TODOS SE REÚNEN Y VIENEN A TI
*Fiesta de la epifanía
Pbro. Carlos Sandoval Rangel
“Unos magos de Oriente llegaron entonces a Jerusalén y preguntaron: ¿Dónde está el rey de los judíos que acaba de nacer? Porque vimos surgir su estrella y hemos venido a adorarlo” (Mt. 2, 1-12). La presencia de los magos, que después de pasar por Jerusalén y de interrogar a Herodes llegaron al pesebre, nos da dos lecciones contundentes: por una parte, nos recuerda que Dios es para todos y, por otra, nos enseña que para encontrar a Dios necesitamos un corazón humilde y abierto.
San Mateo usa el término “Oriente” sin precisar el lugar exacto de donde provenían los magos, lo que, para muchos, indica la intención de privilegiar el sentido de la universalidad. Ya después la tradición les ha puesto nombres y colores de piel subrayando lo mismo. Partiendo de esto, nunca perdamos de vista que el proyecto de humanidad querido por Dios es universal. Muchos de los conflictos religiosos antiguos y actuales, se dan a partir de una visión localista de Dios. Para los judíos, la predilección que Dios quiso darles, la traducían como una exclusividad de Dios para ellos. De ahí que el profeta Isaías da un primer paso para romper con esta visión: “Te inundará una multitud de camellos y dromedarios, procedentes de Madián y de Efá. Vendrán todos los de Sabá trayendo incienso y oro y proclamando las maravillas de Dios” (Is. 60, 4-6). Es el anuncio de un Dios que hace resplandecer su luz más allá de los límites geográficos de un pueblo.
El Concilio Vaticano II retomó esta visión universal de la salvación, frente a la cual la Iglesia no puede perder su tarea fundamental: ser sacramento universal de salvación (L.G. 1). “La salvación, que realiza Dios y anuncia gozosamente la Iglesia, es para todos y Dios ha gestado un camino para unirse a cada uno de los seres humanos de todos los tiempos” (Francisco, E. G. 112). De acuerdo con el gran proyecto de amor del Padre, “esto implica ser fermento de Dios en medio de la humanidad” (E. G. 114). De ahí lo pobre que se vuelve la visión de la Iglesia cuando ésta se busca a sí misma, renunciando a ser fermento de Dios en bien de la humanidad y, todavía peor, cuando se convierte en aduana de las bondades divinas, en vez de servir con alegría, como lo señala el Papa Francisco.

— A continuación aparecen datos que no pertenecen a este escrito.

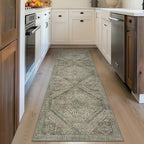 Bavni Kitchen Rug 2x7 Runner Rugs for Hallways Entryway, Washable Vintage Print Carpet, Ultra-Thin Chenille Low Pile Lightweight Rug with Non Slip Backing, Tan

La Iglesia, fiel a lo revelado en la fiesta de la Epifanía, está llamada a una actitud de diálogo a todos los niveles y con todos los hombres, con los creyentes y los no creyentes, con los diversos organismos y grupos que buscan el bien de la humanidad. Sólo así se puede compartir, en cada espacio, la savia del Evangelio. Dios no se puede encerrar en un pueblo, en un territorio, en una cultura o en una raza. Dios mismo se gloría en las diversas expresiones culturales e, inclusive, las expresiones personales con que se vive la fe son parte de la riqueza querida por Dios.
Pero los magos nos hacen ver que la presencia de Dios se da también en las expresiones más simples y cotidianas. Ellos encontraron la grandeza de Dios vivo y glorioso en la pobreza de un niño envuelto en pañales y recostado en el pesebre. Buscaban la verdad en el estudio de las estrellas, pero aquel niño les permitiría dar un sentido nuevo y definitivo a sus vidas.

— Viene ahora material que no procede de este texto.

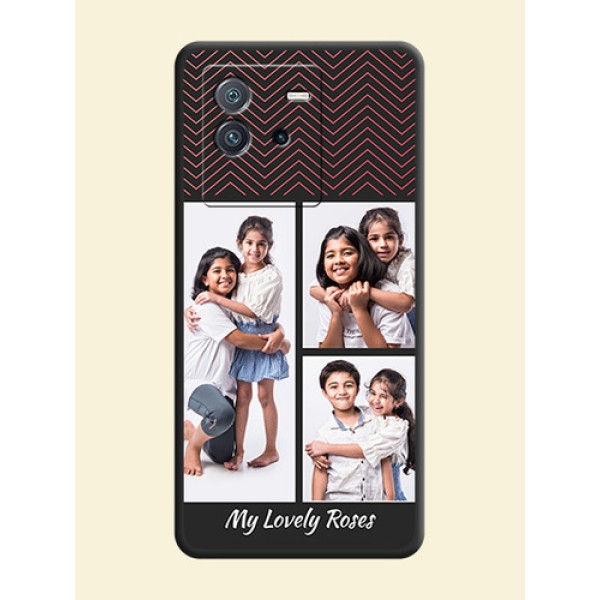 Wave Pattern with 3 Image Holder on Space Black Custom Soft Matte Back Cover - iQOO Neo 6 5G Wave Pattern with 3 Image Holder on Space Black Custom Soft Matte Back Cover - iQOO Neo 6 5G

La sencillez de los magos les permitió descubrir la verdad de Dios tal cual Él es, evitando así dar a la fe un tono individualista y subjetivo. Su humildad les permitió conocer y adorar al verdadero Dios, como Él mismo quiso manifestarse en aquel pequeño niño envuelto en pañales.
Contrario a los magos, cuando un corazón está lleno de sí mismo nunca entenderán la Verdad más alta y noble como se revela en el pesebre. Tenemos el caso de Herodes y con las autoridades religiosas de Jerusalén, a quienes la soberbia, el miedo y las inseguridades les marginó del bien supremo.
Herodes y todo Jerusalén con él buscarían al niño para matarlo, porque así es el mundo ciego, el mundo que, desde la ignorancia, la soberbia, la ceguera del poder y las falsas seguridades reacciona contra Dios.
¡Vamos también nosotros a adorar al niño! Pero no bajo un ritualismo vacío e idólatra, sino bajo un culto que celebra la presencia de Dios y que aprende a vivir de Él.